Mumbai News

Second Covid wave: Many rushing to Mumbai for treatment – Times of India

MUMBAI: Srinagar resident Mohammed Husain (68) travelled 2,000km here when diagnosed with black fungal infection a month after he recovered from Covid.
Faizabad businessman Shamshad Khan was brought by road in a cardiac ambulance on April 26 when, two days after he was detected with Covid-19, his oxygen saturation dipped to 70.
They are not the only ones who rushed to the financial capital for medical help when struck with Covid-19 or post-Covid complications, doctors across Mumbai say that patients from outside Maharashtra are coming in increasing numbers. As Shamshad Khan’s brother Rizwan, a Powai resident, puts it: “We had no option but to shell out Rs 1 lakh for the ambulance ride to get him here. There were no oxygen support beds or ventilators available in Faizabad when my brother got serious.’’
Bombay Hospital’s Dr Gautam Bhansali, who coordinates between BMC and private hospitals on Covid care, said he has had 27 outstation patents in two months. Earlier in the week, a patient from Indore with a CT scan score of 24/25 came to Bombay Hospital via an air ambulance. The emergence of mucormycosis has perhaps added to the ‘rush’. Husain had barely recovered from Covid and hadn’t enough time to grieve for his wife’s death from the same disease when the “pain’’ started. “My tooth was aching and there was a weird itch near my nostrils,’’ he said. He got the diagnosis of mucormycosis on May 18, almost a month after he was diagnosed with Covid in Srinagar, and within 24 hours he boarded a stop-over flight to Mumbai. “My friend who knows Dr Bhansali advised me to rush here,’’ said Husain, who got discharged two days back.
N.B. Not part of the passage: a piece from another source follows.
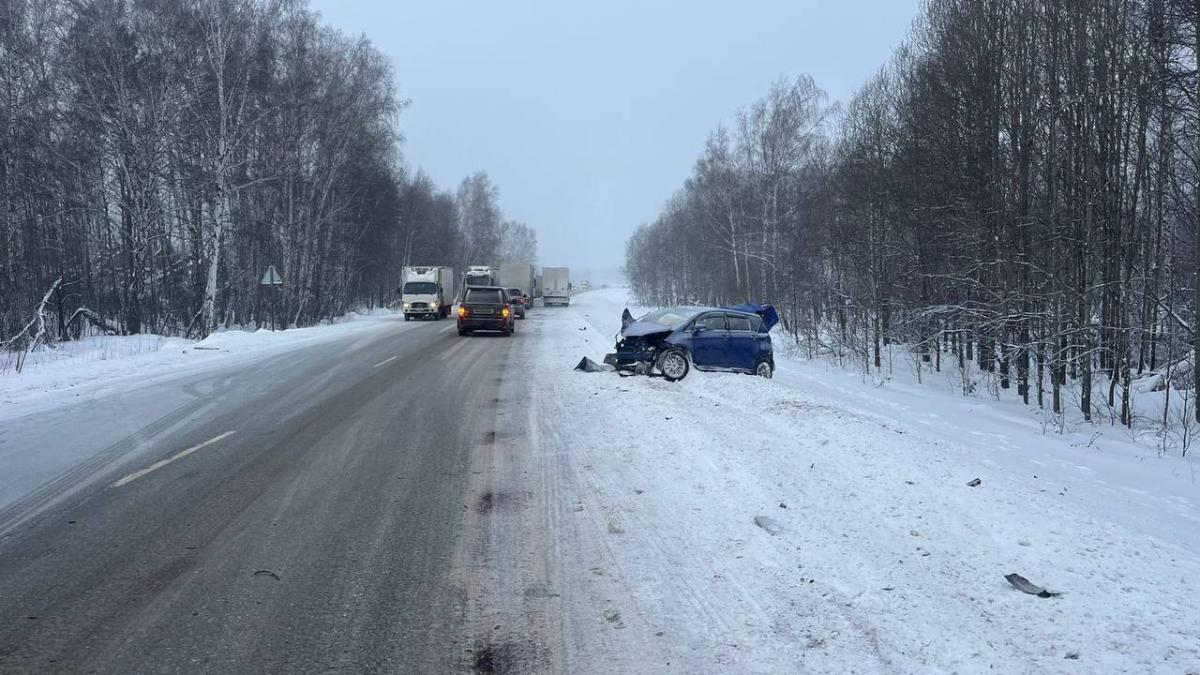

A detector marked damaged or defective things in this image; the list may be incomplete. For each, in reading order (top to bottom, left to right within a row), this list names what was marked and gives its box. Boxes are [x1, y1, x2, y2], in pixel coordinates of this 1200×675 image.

wrecked blue car [600, 303, 777, 379]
While Mumbai is viewed as the Mecca of healthcare in India, talk of ‘Mumbai model’ perhaps prompted many serious patients to rush here. “We didn’t see such a response after the first wave,’’ said Dr Bhansali.
Patients from interiors of the state have always come to Mumbai for treatment. In fact, most of the 40-odd mucormycosis patients admitted in Nair Hospital, near Mumbai Central, are from outside Mumbai. Dr Rahul Pandit, who heads the ICU at Fortis Hospital, Mulund, said many young patients under 45 have travelled from Jalgaon and Nagpur to his hospital. He said many young had severe Covid during the second wave and needed ventilator support that is now accessible in Mumbai.
Dr Abid Sayed from Sai Hospitals said 10 patients came to his Chembur and Dharavi hospitals from Goa, Bhopal Varanasi and Ayodhya. “Most are young, with severe Covid lungs,’’ he said. Shamshad Khan from Faizabad had a CT scan score of 17/25 when admitted to the Dharavi hospital; Khan was discharged after 25 days and continues on oxygen support at home. “The earliest he can go home is July,’’ said his brother Rizwan.